⟨

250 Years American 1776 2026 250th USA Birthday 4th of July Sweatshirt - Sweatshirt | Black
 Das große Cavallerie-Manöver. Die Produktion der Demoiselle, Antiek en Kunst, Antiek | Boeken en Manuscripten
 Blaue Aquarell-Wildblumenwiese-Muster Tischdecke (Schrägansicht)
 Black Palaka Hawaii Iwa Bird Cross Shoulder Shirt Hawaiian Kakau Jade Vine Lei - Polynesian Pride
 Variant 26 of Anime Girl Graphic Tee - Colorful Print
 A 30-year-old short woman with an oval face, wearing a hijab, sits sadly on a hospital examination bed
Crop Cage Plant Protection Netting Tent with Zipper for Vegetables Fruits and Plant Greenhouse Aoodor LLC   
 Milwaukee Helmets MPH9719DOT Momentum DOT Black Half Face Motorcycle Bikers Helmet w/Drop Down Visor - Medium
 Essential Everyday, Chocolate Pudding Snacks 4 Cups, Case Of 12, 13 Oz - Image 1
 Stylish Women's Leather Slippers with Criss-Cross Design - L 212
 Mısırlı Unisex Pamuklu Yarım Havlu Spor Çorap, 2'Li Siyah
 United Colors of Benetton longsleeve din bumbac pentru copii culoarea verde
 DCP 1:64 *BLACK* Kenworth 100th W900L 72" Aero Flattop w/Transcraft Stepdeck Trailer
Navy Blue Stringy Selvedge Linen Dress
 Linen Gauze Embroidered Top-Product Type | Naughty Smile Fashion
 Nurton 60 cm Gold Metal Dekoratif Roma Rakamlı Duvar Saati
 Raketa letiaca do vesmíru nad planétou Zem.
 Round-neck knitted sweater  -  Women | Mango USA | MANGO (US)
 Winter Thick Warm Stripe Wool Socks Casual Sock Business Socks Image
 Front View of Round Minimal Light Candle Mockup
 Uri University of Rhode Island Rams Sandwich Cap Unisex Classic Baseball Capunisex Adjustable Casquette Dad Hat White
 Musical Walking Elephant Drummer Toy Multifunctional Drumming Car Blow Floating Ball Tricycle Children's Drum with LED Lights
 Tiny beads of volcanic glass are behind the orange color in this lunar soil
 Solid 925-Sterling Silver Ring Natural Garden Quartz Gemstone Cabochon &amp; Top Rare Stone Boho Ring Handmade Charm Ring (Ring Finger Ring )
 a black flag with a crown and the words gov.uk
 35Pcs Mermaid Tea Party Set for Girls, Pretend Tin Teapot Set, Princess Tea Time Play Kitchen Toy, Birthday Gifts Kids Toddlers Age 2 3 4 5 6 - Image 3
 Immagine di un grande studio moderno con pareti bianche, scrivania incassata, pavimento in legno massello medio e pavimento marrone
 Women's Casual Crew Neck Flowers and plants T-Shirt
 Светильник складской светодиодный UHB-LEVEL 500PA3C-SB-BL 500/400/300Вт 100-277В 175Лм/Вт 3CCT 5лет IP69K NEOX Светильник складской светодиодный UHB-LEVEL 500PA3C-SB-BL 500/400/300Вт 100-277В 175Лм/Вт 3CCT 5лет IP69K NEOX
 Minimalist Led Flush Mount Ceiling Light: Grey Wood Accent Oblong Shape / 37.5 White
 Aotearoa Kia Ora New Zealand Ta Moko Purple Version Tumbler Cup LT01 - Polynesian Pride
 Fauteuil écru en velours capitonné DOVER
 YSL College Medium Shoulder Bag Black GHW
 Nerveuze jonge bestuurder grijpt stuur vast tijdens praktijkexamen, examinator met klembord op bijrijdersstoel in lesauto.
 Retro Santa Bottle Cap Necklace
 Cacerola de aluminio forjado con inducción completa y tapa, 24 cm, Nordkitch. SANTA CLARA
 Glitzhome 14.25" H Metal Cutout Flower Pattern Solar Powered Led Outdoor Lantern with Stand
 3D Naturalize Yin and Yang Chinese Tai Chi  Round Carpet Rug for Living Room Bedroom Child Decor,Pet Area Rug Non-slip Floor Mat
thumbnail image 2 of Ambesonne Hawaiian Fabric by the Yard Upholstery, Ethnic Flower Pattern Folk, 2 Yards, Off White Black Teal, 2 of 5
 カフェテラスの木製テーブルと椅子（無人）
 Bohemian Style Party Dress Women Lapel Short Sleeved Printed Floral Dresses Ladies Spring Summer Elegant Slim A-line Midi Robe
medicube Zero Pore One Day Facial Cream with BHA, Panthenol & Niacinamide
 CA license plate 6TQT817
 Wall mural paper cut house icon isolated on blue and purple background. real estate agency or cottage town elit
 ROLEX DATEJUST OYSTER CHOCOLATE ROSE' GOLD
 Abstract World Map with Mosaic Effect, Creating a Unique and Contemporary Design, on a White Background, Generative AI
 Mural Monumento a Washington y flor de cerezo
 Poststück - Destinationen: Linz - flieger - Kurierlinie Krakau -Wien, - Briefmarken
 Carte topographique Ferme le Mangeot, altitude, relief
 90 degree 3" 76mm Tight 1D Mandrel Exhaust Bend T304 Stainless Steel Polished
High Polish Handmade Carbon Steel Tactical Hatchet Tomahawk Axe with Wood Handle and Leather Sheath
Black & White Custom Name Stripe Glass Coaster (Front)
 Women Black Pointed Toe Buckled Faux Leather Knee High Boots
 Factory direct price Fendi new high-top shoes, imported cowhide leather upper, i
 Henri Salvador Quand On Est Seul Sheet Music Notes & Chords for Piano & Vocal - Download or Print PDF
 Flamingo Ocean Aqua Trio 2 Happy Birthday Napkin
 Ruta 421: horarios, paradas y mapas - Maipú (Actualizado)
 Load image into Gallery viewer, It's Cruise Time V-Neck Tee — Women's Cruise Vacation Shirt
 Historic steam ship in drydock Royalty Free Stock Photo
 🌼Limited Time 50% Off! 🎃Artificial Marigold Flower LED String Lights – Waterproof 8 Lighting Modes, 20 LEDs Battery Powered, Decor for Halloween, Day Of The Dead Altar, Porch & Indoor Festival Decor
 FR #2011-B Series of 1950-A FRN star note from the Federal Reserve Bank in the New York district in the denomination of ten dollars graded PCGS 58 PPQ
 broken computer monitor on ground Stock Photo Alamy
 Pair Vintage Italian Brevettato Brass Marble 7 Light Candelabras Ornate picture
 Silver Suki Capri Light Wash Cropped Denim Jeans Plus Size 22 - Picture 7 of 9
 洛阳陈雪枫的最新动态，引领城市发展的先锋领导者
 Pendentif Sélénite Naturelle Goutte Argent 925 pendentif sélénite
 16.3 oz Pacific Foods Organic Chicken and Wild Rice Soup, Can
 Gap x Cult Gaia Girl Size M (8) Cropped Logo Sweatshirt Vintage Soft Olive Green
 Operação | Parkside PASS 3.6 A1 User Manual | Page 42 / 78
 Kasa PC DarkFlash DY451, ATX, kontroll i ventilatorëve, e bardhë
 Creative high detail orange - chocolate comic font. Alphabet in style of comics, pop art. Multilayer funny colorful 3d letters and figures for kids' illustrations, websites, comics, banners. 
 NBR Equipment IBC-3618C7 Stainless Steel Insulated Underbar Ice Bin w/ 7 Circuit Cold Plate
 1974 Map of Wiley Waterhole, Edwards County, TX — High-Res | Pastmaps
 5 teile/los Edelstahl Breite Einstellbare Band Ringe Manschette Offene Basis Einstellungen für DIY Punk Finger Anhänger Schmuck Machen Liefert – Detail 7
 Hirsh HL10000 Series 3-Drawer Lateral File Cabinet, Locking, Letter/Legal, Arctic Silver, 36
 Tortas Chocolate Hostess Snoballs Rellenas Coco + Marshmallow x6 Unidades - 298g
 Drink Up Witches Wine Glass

⟩

■ WHAT NEEDS TO BE DONE
Return every line of the material above exactly.

■ FINISHED TASK
250 Years American 1776 2026 250th USA Birthday 4th of July Sweatshirt - Sweatshirt | Black
 Das große Cavallerie-Manöver. Die Produktion der Demoiselle, Antiek en Kunst, Antiek | Boeken en Manuscripten
 Blaue Aquarell-Wildblumenwiese-Muster Tischdecke (Schrägansicht)
 Black Palaka Hawaii Iwa Bird Cross Shoulder Shirt Hawaiian Kakau Jade Vine Lei - Polynesian Pride
 Variant 26 of Anime Girl Graphic Tee - Colorful Print
 A 30-year-old short woman with an oval face, wearing a hijab, sits sadly on a hospital examination bed
Crop Cage Plant Protection Netting Tent with Zipper for Vegetables Fruits and Plant Greenhouse Aoodor LLC   
 Milwaukee Helmets MPH9719DOT Momentum DOT Black Half Face Motorcycle Bikers Helmet w/Drop Down Visor - Medium
 Essential Everyday, Chocolate Pudding Snacks 4 Cups, Case Of 12, 13 Oz - Image 1
 Stylish Women's Leather Slippers with Criss-Cross Design - L 212
 Mısırlı Unisex Pamuklu Yarım Havlu Spor Çorap, 2'Li Siyah
 United Colors of Benetton longsleeve din bumbac pentru copii culoarea verde
 DCP 1:64 *BLACK* Kenworth 100th W900L 72" Aero Flattop w/Transcraft Stepdeck Trailer
Navy Blue Stringy Selvedge Linen Dress
 Linen Gauze Embroidered Top-Product Type | Naughty Smile Fashion
 Nurton 60 cm Gold Metal Dekoratif Roma Rakamlı Duvar Saati
 Raketa letiaca do vesmíru nad planétou Zem.
 Round-neck knitted sweater  -  Women | Mango USA | MANGO (US)
 Winter Thick Warm Stripe Wool Socks Casual Sock Business Socks Image
 Front View of Round Minimal Light Candle Mockup
 Uri University of Rhode Island Rams Sandwich Cap Unisex Classic Baseball Capunisex Adjustable Casquette Dad Hat White
 Musical Walking Elephant Drummer Toy Multifunctional Drumming Car Blow Floating Ball Tricycle Children's Drum with LED Lights
 Tiny beads of volcanic glass are behind the orange color in this lunar soil
 Solid 925-Sterling Silver Ring Natural Garden Quartz Gemstone Cabochon &amp; Top Rare Stone Boho Ring Handmade Charm Ring (Ring Finger Ring )
 a black flag with a crown and the words gov.uk
 35Pcs Mermaid Tea Party Set for Girls, Pretend Tin Teapot Set, Princess Tea Time Play Kitchen Toy, Birthday Gifts Kids Toddlers Age 2 3 4 5 6 - Image 3
 Immagine di un grande studio moderno con pareti bianche, scrivania incassata, pavimento in legno massello medio e pavimento marrone
 Women's Casual Crew Neck Flowers and plants T-Shirt
 Светильник складской светодиодный UHB-LEVEL 500PA3C-SB-BL 500/400/300Вт 100-277В 175Лм/Вт 3CCT 5лет IP69K NEOX Светильник складской светодиодный UHB-LEVEL 500PA3C-SB-BL 500/400/300Вт 100-277В 175Лм/Вт 3CCT 5лет IP69K NEOX
 Minimalist Led Flush Mount Ceiling Light: Grey Wood Accent Oblong Shape / 37.5 White
 Aotearoa Kia Ora New Zealand Ta Moko Purple Version Tumbler Cup LT01 - Polynesian Pride
 Fauteuil écru en velours capitonné DOVER
 YSL College Medium Shoulder Bag Black GHW
 Nerveuze jonge bestuurder grijpt stuur vast tijdens praktijkexamen, examinator met klembord op bijrijdersstoel in lesauto.
 Retro Santa Bottle Cap Necklace
 Cacerola de aluminio forjado con inducción completa y tapa, 24 cm, Nordkitch. SANTA CLARA
 Glitzhome 14.25" H Metal Cutout Flower Pattern Solar Powered Led Outdoor Lantern with Stand
 3D Naturalize Yin and Yang Chinese Tai Chi  Round Carpet Rug for Living Room Bedroom Child Decor,Pet Area Rug Non-slip Floor Mat
thumbnail image 2 of Ambesonne Hawaiian Fabric by the Yard Upholstery, Ethnic Flower Pattern Folk, 2 Yards, Off White Black Teal, 2 of 5
 カフェテラスの木製テーブルと椅子（無人）
 Bohemian Style Party Dress Women Lapel Short Sleeved Printed Floral Dresses Ladies Spring Summer Elegant Slim A-line Midi Robe
medicube Zero Pore One Day Facial Cream with BHA, Panthenol & Niacinamide
 CA license plate 6TQT817
 Wall mural paper cut house icon isolated on blue and purple background. real estate agency or cottage town elit
 ROLEX DATEJUST OYSTER CHOCOLATE ROSE' GOLD
 Abstract World Map with Mosaic Effect, Creating a Unique and Contemporary Design, on a White Background, Generative AI
 Mural Monumento a Washington y flor de cerezo
 Poststück - Destinationen: Linz - flieger - Kurierlinie Krakau -Wien, - Briefmarken
 Carte topographique Ferme le Mangeot, altitude, relief
 90 degree 3" 76mm Tight 1D Mandrel Exhaust Bend T304 Stainless Steel Polished
High Polish Handmade Carbon Steel Tactical Hatchet Tomahawk Axe with Wood Handle and Leather Sheath
Black & White Custom Name Stripe Glass Coaster (Front)
 Women Black Pointed Toe Buckled Faux Leather Knee High Boots
 Factory direct price Fendi new high-top shoes, imported cowhide leather upper, i
 Henri Salvador Quand On Est Seul Sheet Music Notes & Chords for Piano & Vocal - Download or Print PDF
 Flamingo Ocean Aqua Trio 2 Happy Birthday Napkin
 Ruta 421: horarios, paradas y mapas - Maipú (Actualizado)
 Load image into Gallery viewer, It's Cruise Time V-Neck Tee — Women's Cruise Vacation Shirt
 Historic steam ship in drydock Royalty Free Stock Photo
 🌼Limited Time 50% Off! 🎃Artificial Marigold Flower LED String Lights – Waterproof 8 Lighting Modes, 20 LEDs Battery Powered, Decor for Halloween, Day Of The Dead Altar, Porch & Indoor Festival Decor
 FR #2011-B Series of 1950-A FRN star note from the Federal Reserve Bank in the New York district in the denomination of ten dollars graded PCGS 58 PPQ
 broken computer monitor on ground Stock Photo Alamy
 Pair Vintage Italian Brevettato Brass Marble 7 Light Candelabras Ornate picture
 Silver Suki Capri Light Wash Cropped Denim Jeans Plus Size 22 - Picture 7 of 9
 洛阳陈雪枫的最新动态，引领城市发展的先锋领导者
 Pendentif Sélénite Naturelle Goutte Argent 925 pendentif sélénite
 16.3 oz Pacific Foods Organic Chicken and Wild Rice Soup, Can
 Gap x Cult Gaia Girl Size M (8) Cropped Logo Sweatshirt Vintage Soft Olive Green
 Operação | Parkside PASS 3.6 A1 User Manual | Page 42 / 78
 Kasa PC DarkFlash DY451, ATX, kontroll i ventilatorëve, e bardhë
 Creative high detail orange - chocolate comic font. Alphabet in style of comics, pop art. Multilayer funny colorful 3d letters and figures for kids' illustrations, websites, comics, banners. 
 NBR Equipment IBC-3618C7 Stainless Steel Insulated Underbar Ice Bin w/ 7 Circuit Cold Plate
 1974 Map of Wiley Waterhole, Edwards County, TX — High-Res | Pastmaps
 5 teile/los Edelstahl Breite Einstellbare Band Ringe Manschette Offene Basis Einstellungen für DIY Punk Finger Anhänger Schmuck Machen Liefert – Detail 7
 Hirsh HL10000 Series 3-Drawer Lateral File Cabinet, Locking, Letter/Legal, Arctic Silver, 36
 Tortas Chocolate Hostess Snoballs Rellenas Coco + Marshmallow x6 Unidades - 298g
 Drink Up Witches Wine Glass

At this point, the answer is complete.